Paul Millard of the CLA writes . . .
I was at a meeting this week where the state of rural roads and lanes was described as managed retreat.
What is causing concern are reports that some suppliers and contractors are sending out letters to farmers warning them that they will not be able to continue to deliver or collect unless improvements are made to the access roads. The problem, of course, is that it is frequently not the farmer who owns the road, it is the highway authority.
Those of us who travel these minor roads frequently have been shaken, rattled and banged; seen our tyres shredded and smart alloy rims dented beyond repair where the rains and frosts have lifted or damaged tarmac. But it’s no use shouting at the highway authority and insisting that more cash is directed towards road repair – because there isn’t any more cash.
Additional money spent on road repairs has to be found from another budget – so while Peter gets a smoother ride home, Paul might find his library has been closed.

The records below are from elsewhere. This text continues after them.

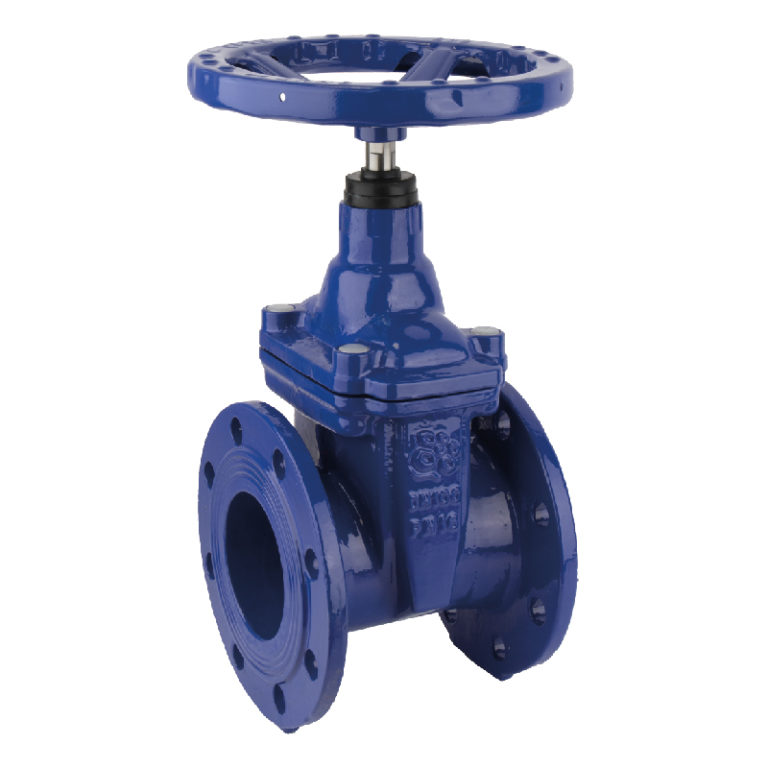 Задвижка с обрезиненным клином Rushwork 100-600-10, DN600, PN10, корпус - GJS-500-7 (GGG50)  клин - GJS-500-7 (GGG50)  уплотнение - EPDM, Ф/Ф, штурвал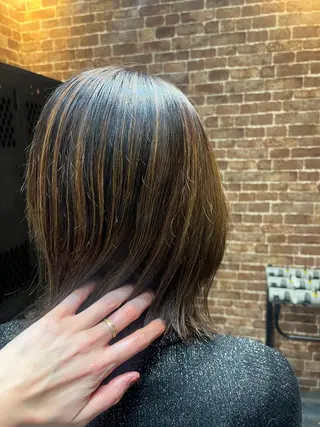 セミロング カラー パーマ ヘアアレンジ メンズ キッズ ネイル マツエク・マツパ アイブロウ 久木原 ゆりのヘアスタイル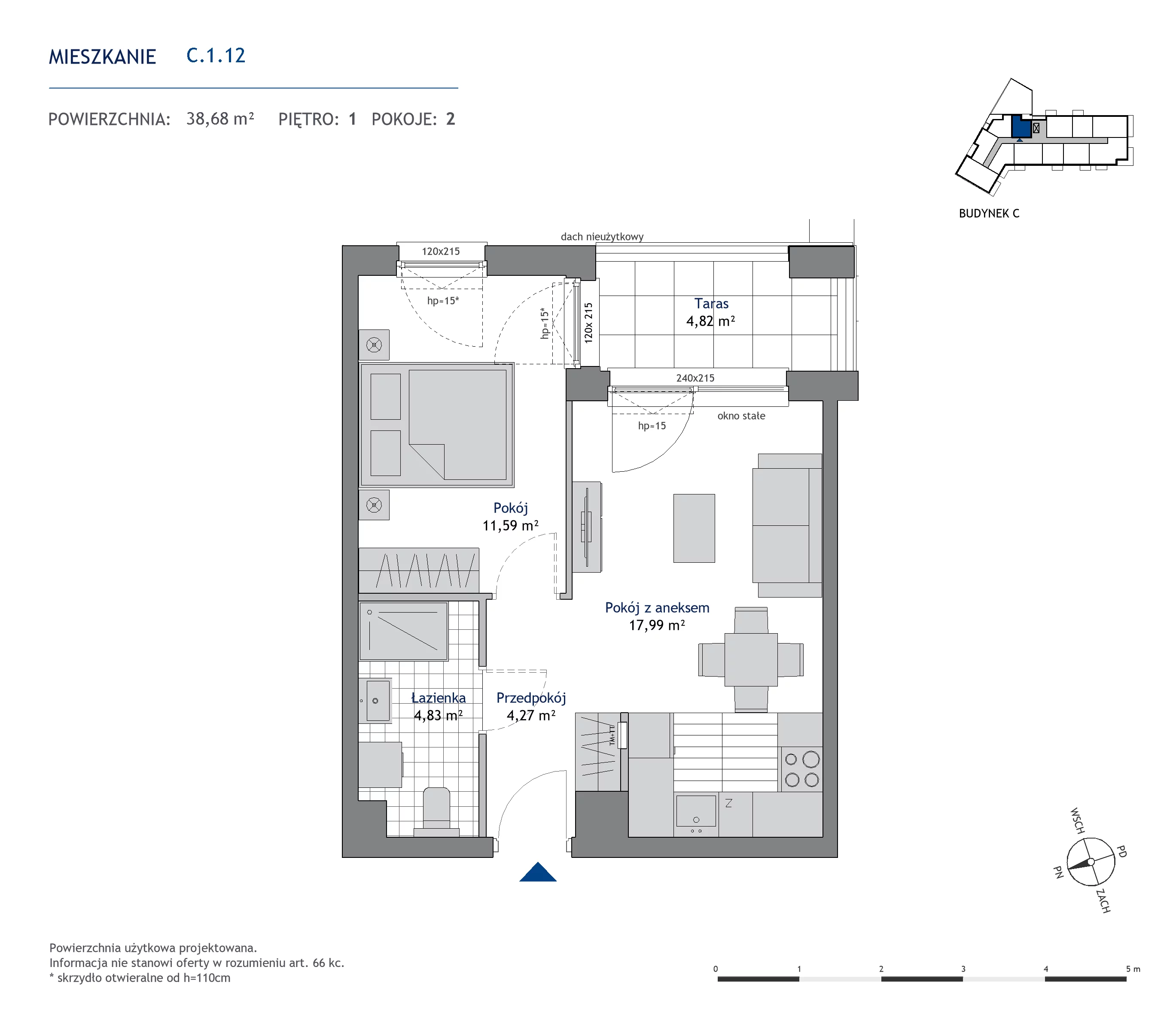 Mieszkanie 38,68 m², piętro 1, oferta nr C.1.12, Nowa Dąbrowa, Gdynia, Dąbrowa, ul. Rdestowa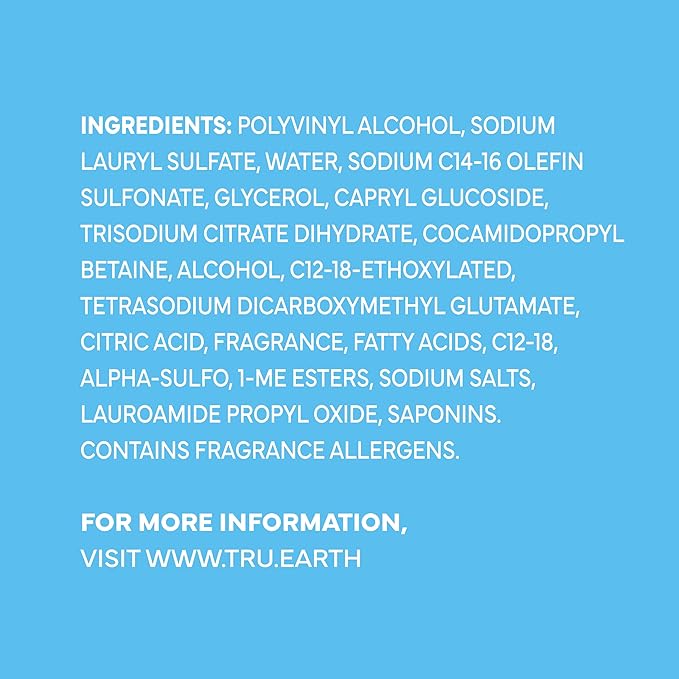 Tru Earth Eco-friendly, Biodegradable, Zero Waste, Cruelty-Free Laundry Detergent Sheets/Eco-Strips for Sensitive Skin, 32 Count (Up to 64 Loads), Fresh Linen Scent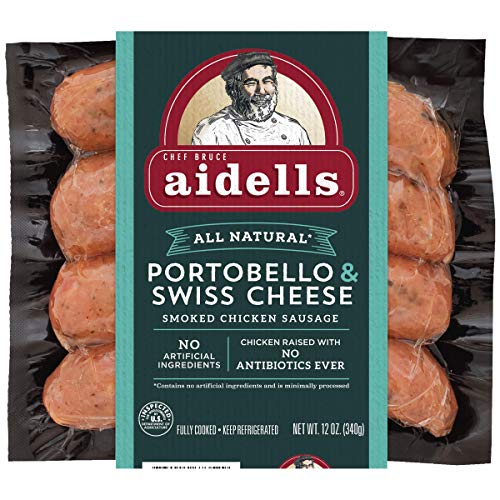 Aidells Smoked Chicken Sausage, Portobello & Swiss Cheese, 12 oz. (4 Fully Cooked Links)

There is no escaping the fact that the sorry state of our roads is – or will – affect the ability of businesses based in the countryside to deliver economic success.
The CLA wants to move this debate forward, but we realise that asking for more cash is simply not an option.
The reality is that we need to arrive at a point where those who need and use the road are able to step in and either take on responsibility for repairs or work with the highway authority to ensure that the road is passable. The alternative is to sit back and watch viable businesses disappear because of our deteriorating rural roads – and that would be unforgiveable.